Jonathan Wayne, the executive director of the ethics commission, proposed the reforms after the commission fined candidates Julia St. James of Hartford and Sarah Trundy of Minot and consultants Dan Rogers of Auburn and Jessica Larlee of Minot. The four were accused of misusing the Clean Election Fund during St. James' failed 2004 bid for the state Senate and Trundy's unsuccessful run that year for a seat in the state House of Representatives.

The charges against the four people included creating false invoices, failing to account for how they spent public funds and failing to return computers and stamps purchased with tax dollars. The fines that the commission imposed Jan. 5 have not yet been appealed or paid, Wayne said Thursday.

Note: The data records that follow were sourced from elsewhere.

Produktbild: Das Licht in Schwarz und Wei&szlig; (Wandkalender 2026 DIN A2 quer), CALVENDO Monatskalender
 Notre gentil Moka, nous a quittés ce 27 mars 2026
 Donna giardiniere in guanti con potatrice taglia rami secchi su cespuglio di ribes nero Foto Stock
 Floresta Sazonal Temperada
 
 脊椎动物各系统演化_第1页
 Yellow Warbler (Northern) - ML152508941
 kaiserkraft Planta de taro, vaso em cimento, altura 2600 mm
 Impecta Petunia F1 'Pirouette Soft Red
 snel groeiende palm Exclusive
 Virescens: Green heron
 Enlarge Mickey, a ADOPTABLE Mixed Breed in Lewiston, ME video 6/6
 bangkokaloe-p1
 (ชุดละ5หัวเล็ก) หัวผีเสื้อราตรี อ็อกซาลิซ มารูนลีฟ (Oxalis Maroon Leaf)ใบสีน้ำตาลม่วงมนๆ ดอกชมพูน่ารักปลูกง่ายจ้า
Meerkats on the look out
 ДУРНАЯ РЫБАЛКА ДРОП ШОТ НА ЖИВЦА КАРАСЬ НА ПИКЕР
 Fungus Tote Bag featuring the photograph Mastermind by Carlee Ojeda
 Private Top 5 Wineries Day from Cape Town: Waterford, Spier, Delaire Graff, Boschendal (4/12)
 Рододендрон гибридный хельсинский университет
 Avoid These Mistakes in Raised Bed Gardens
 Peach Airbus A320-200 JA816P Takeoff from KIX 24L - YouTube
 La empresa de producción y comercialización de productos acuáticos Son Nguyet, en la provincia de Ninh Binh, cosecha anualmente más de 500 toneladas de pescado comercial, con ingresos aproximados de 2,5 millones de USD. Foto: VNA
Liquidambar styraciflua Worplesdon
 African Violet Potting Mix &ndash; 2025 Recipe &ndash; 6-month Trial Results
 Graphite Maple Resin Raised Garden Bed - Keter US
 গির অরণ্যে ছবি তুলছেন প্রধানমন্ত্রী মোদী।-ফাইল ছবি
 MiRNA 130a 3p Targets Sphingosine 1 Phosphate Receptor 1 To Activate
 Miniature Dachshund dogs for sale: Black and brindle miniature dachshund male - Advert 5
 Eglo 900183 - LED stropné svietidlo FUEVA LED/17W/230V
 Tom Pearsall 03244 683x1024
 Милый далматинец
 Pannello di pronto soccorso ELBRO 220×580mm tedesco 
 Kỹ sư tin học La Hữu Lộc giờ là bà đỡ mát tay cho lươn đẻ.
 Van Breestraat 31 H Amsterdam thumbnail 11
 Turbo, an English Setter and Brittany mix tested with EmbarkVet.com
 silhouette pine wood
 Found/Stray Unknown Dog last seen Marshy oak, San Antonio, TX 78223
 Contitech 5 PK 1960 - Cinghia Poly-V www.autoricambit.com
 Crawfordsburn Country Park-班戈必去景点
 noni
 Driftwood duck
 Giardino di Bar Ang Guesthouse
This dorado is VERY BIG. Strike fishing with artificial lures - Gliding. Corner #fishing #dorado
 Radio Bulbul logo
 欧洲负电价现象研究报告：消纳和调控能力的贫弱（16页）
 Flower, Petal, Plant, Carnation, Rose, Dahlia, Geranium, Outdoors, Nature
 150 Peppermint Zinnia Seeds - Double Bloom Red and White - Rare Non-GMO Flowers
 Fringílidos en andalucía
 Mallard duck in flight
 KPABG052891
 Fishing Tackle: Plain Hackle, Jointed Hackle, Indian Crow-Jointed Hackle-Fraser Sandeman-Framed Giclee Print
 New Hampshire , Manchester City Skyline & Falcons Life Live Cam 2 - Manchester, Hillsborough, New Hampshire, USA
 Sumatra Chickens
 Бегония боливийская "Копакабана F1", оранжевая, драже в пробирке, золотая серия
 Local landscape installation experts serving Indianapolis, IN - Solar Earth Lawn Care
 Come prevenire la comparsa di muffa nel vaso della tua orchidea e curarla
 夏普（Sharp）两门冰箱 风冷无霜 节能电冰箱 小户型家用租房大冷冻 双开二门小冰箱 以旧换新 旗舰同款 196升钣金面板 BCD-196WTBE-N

He said the commission is expected to ask the Office of the Attorney General to try to collect the penalties.

The reforms "cover just about everything that needs to be covered," said Rep. John Patrick, D-Rumford, who co-chairs the Legislature's Legal and Veterans Affairs Committee, which handles election issues. Republican Sen. Debra Plowman of Hampden, a member of that committee, agreed, saying the reforms would help fight any future "scheming" to misuse public funds.

The proposed changes in state law call for the ethics commission to take on another employee from May 1 through Jan. 31. That would help the agency keep track of the projected $8 million in public funds that gubernatorial and legislative candidates are expected to spend on this year's campaigns.

That temporary expansion of the staff would cost $52,666 in salary and benefits, but it would not require new funding. The ethics commission would transfer the money from one Clean Election Fund account to another if the Legislature authorizes the switch, Wayne said.

The plan also asks the Legislature to authorize a penalty of up to $5,000 when a candidate or campaign operative tries to mislead voters about who is responsible for a mailing. The ethics commission considered imposing a $5,000 fine against Rogers for distributing a phony mailing in Biddeford in 2004 but settled on a $200 fine instead, after deciding that current law may not allow the larger penalty.

That aspect of the case did not involve public funds. It centered on a mailing by Rogers of 50 oversized postcards to Biddeford voters. The mailing claimed that Democrat Stephen Beaudette of Biddeford, then a candidate for the District 136 seat in the House, had been endorsed by the non-existent Coalition for Homosexual Marriage in Maine. Beaudette went on to win the election.

Other changes proposed by the staff of the ethics commission would clarify that campaign treasurers and consultants, not just the candidates themselves, must spend all of the money they get from the Clean Election Fund on campaign activities.

The changes would authorize the ethics commission to recover public funds from campaign workers who misspend them, not just from candidates. The law currently does not allow the commission to recover misused funds from campaign staff, though the ethics commission can fine staff members.

In its Jan. 5 ruling, the ethics commission fined Rogers $17,500 for submitting false invoices and accepting public funds for non-campaign purpose while working for St. James; it fined Larlee $15,500 for misusing public funds while working for Trundy. St. James and Trundy also were fined, and the two candidates were ordered to return public funds that had been misused.

Wayne also is asking for measures to promote more accountability. Under his plan, the Legislature would require campaigns to deposit all of the money they get from the Clean Election Fund into bank accounts.

Publicly funded candidates would have to keep bank statements for two years after they file their last finance reports.

keep an invoice for each campaign expense of $50 or more and keep proof of payment to vendors.